この作品は、基本的には短い噺が集められたような体裁を取っている。それが恐らくは読者をして手に取らしめ易い要素になっているのであろう。言わばつまみ読みが可能なのである。
かく言う私も、初めはちょっと覗いてみるかといった具合でしかなかった。

ところがどうだ。
生魎なるもの、そして引き起こされる怪異の恐ろしさたるや。
単なる怪談、妖怪噺の類ではなく、それを行うのは生身の人。人の業の為せる歪みは、それを埋めよ埋めよと呻き鳴くが如く、人を求める。

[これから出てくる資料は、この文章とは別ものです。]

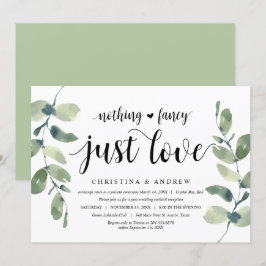 モダンなユーカリ, ブラックインク, ウェディングエロープメント 招待状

怪異ではなく、これは人の狂気。そう私は貪るように幾つかの噺を手に取り、感じた。

そしてそれは漆黒に塗り潰されたものではなく、いつも昏く、ときに玻璃のように濁り透け、玉蟲のように様々な色を帯びる。

流れる血さえも柘榴の珠の如く美しい。
読むうち、本来、人が恐れ、忌避すべきはずのものに、腕を伸ばし指を入れ手繰り寄せたいような衝動に駆られるのだ。

どこまでも美しき言葉でもって、縦横に織られる物語。華美な修辞は単なる装飾ではなく、ときに波濤のように、ときに白露のように律動を産む。それは物語自体の脈動となり、いつしか読み手は己の中に何物かの胎動を感じるに至る。

それがどのような文様を描くものか、この先も双つの眸に焼いて付けたいと思う。

——もしかすると、これは、どうやら、私も生魎に魅せられたか。